A storage engine is the component that handles how data is physically stored on disk and retrieved into memory. It’s the layer between your SQL query and the actual bytes on an SSD.

Different storage engines make different tradeoffs:

  • Read-optimized: Fast queries, slower writes (B-tree based — PostgreSQL, MySQL InnoDB)
  • Write-optimized: Fast writes, slower reads (LSM-tree based — RocksDB, Cassandra)

Real-World Analogy

Like how different warehouses organize inventory — a fast-food kitchen (write-optimized) dumps ingredients in bins for speed, while a library (read-optimized) keeps everything sorted by category for quick browsing.

Pages: The Unit of Storage

Databases don’t read individual rows — they read pages (typically 4KB, 8KB, or 16KB blocks). Every read from disk fetches an entire page, even if you only need one row.

// A database page (simplified)
interface Page {
  pageId: number;
  pageType: "data" | "index" | "overflow";
  freeSpace: number;
  itemCount: number;
  items: Row[];        // actual row data
  pageHeader: {
    lsn: number;       // log sequence number (for WAL)
    checksum: number;   // corruption detection
  };
}

// PostgreSQL uses 8KB pages by default
const PAGE_SIZE = 8192; // bytes

// Reading one row = reading one page = 8KB from disk
// This is why indexes matter — they tell you WHICH page to read

Heap vs.
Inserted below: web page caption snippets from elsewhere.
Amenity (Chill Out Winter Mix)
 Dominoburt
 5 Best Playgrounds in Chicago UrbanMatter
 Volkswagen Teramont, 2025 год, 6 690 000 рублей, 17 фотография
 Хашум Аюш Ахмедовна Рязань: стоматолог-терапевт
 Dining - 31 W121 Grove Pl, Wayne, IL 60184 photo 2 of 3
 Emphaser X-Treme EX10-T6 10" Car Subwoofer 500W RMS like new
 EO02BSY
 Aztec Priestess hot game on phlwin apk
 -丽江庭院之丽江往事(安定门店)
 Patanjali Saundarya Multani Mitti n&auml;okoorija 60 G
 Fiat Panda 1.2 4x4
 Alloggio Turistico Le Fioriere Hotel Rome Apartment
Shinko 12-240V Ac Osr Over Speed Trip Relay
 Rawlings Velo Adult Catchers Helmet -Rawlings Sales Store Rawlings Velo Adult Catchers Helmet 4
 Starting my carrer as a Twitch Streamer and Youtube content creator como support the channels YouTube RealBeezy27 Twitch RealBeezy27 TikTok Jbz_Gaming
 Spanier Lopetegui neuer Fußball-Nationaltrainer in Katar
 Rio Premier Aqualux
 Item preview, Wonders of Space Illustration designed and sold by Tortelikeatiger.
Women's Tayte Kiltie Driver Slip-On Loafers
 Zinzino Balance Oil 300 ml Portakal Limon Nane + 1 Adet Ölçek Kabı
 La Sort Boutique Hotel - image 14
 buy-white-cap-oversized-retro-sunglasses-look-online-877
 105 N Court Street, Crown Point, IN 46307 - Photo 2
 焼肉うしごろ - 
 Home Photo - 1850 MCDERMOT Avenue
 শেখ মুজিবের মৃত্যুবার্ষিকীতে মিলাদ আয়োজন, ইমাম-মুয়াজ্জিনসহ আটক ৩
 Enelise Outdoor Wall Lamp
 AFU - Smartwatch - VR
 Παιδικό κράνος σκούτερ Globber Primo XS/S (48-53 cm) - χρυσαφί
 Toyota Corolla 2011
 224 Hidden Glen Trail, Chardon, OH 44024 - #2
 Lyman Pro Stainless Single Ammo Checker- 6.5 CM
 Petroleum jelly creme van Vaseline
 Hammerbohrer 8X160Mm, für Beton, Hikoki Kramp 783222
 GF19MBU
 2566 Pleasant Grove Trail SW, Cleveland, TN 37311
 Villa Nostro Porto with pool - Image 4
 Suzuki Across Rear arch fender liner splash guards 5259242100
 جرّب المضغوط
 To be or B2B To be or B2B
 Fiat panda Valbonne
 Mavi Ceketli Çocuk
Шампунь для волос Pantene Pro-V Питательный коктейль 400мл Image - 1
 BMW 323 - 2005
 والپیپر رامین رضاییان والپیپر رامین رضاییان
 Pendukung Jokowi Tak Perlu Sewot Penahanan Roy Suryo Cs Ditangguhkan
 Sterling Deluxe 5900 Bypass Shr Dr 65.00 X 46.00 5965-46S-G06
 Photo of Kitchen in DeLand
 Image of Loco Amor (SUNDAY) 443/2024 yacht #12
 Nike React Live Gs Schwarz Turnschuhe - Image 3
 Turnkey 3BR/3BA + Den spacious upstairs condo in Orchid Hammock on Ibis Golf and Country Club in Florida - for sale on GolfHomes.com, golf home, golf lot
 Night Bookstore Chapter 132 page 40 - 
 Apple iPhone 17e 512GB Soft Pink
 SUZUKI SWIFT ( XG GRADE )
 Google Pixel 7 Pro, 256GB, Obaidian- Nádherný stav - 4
Clustered Storage

Heap storage (PostgreSQL default): rows are stored in insertion order. The table is a pile of pages with no particular ordering.

Clustered storage (MySQL InnoDB): rows are physically ordered by primary key. The table IS the primary key index (a B-tree).

// Heap: rows stored wherever there's space
// Table "users":
// Page 0: [row_id=5, row_id=1, row_id=8]   ← insertion order
// Page 1: [row_id=3, row_id=12, row_id=2]

// Clustered (InnoDB): rows ordered by primary key
// Page 0: [id=1, id=2, id=3]   ← sorted by PK
// Page 1: [id=5, id=8, id=12]

// Consequence: range scans on PK are fast in clustered storage
// SELECT * FROM users WHERE id BETWEEN 1 AND 5
// Heap: might read 3 pages (rows scattered)
// Clustered: reads 1 page (rows are adjacent)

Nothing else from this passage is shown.